Important Note: This case highlights the importance of consistency and fairness in estimating net profit rates when books of account are rejected. The ITAT emphasized that the estimation should be based on well-accepted norms and consider the assessee’s past and subsequent declarations and the AO’s acceptance of those declarations. Furthermore, it clarified that double additions for the same income are not permissible, ensuring that the assessment process remains fair and reasonable.
IN THE ITAT RAIPUR BENCH
Mohan Sukumaran
v.
Deputy Commissioner of Income-tax
Shamim Yahya, Accountant member
and C.M. Garg, Judicial member
and C.M. Garg, Judicial member
IT Appeal No. 62 (RPR) of 2013
[Assessment Year 2008-09]
[Assessment Year 2008-09]
DECEMBER 29, 2016
Ms. Richa Khatri for the Appellant. P.K. Mishra for the Respondent.
JUDGMENT
C.M. Garg, Judicial Member. – The present appeal by the assessee is directed against the order or learned Commissioner of Income-tax (Appeals), Bilaspur (C.G.), dt. 28th March, 2013 for the Asst. yr. 2008-09.

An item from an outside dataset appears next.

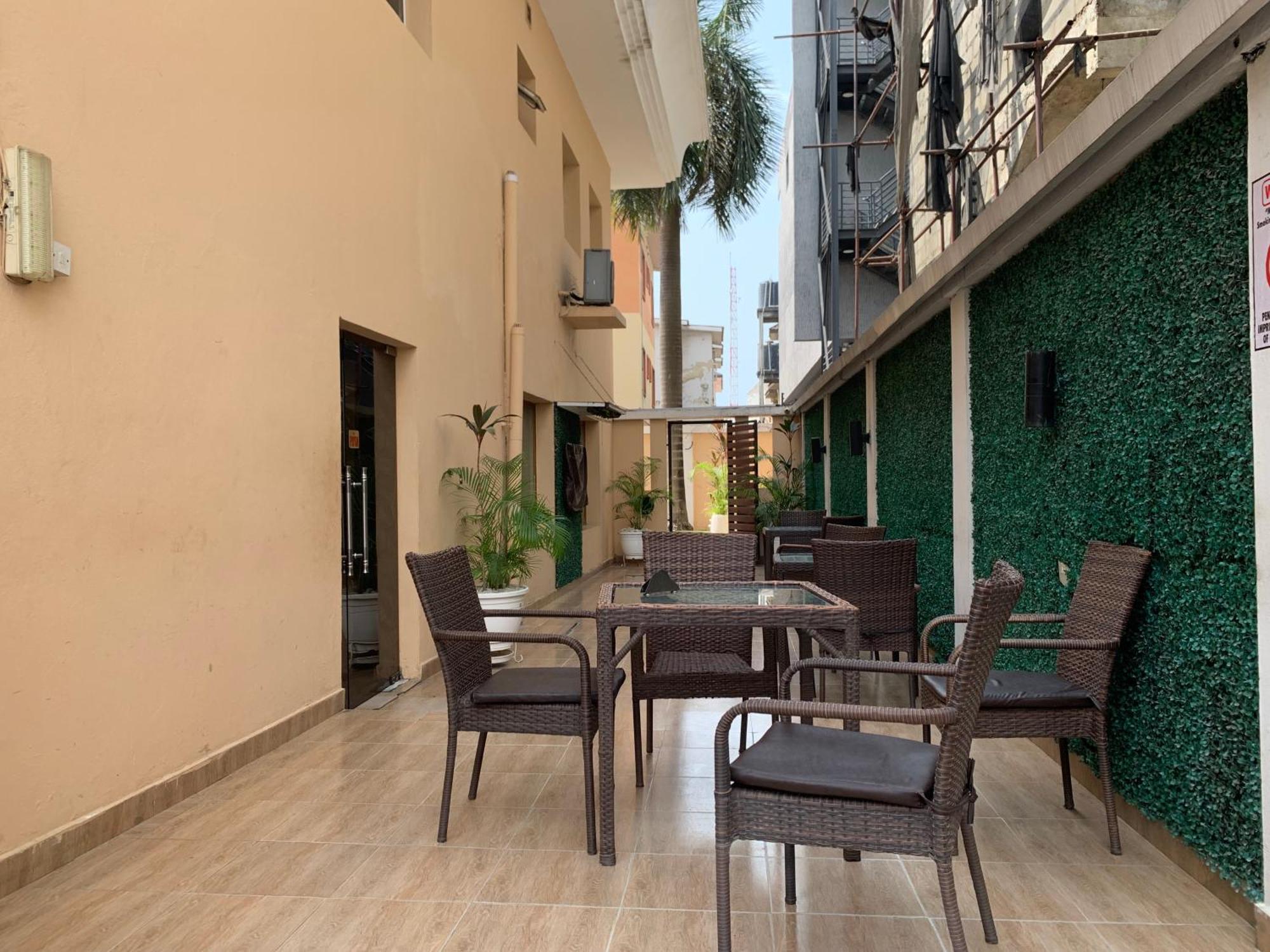 Presken Hotel @Oniru Lagos Esterno foto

Assessee’s application for admission of additional grounds along with revised grounds.
2. We have heard the argument of both sides and carefully perused the application under consideration. The learned counsel submitted that the additional ground of appeal along with revised grounds of appeal may kindly be admitted for hearing. as these go to the root of the matter and these can be disposed of on the basis of material available on the record. The learned counsel submitted that these additional and revised grounds filed with revised Form No. 36 are merely an elaboration of earlier grounds. Thus, the same may kindly be admitted for consideration in view of the ratio laid down by the Hon’ble Supreme Court in the case of NTPC Ltd. reported in
2.1 The learned Departmental Representative objected to the admission of the additional and revised grounds. However, the learned Departmental Representative fairly accepted that the grounds are merely elaboration of earlier grounds and the additional grounds can be decided on the basis of material already on record.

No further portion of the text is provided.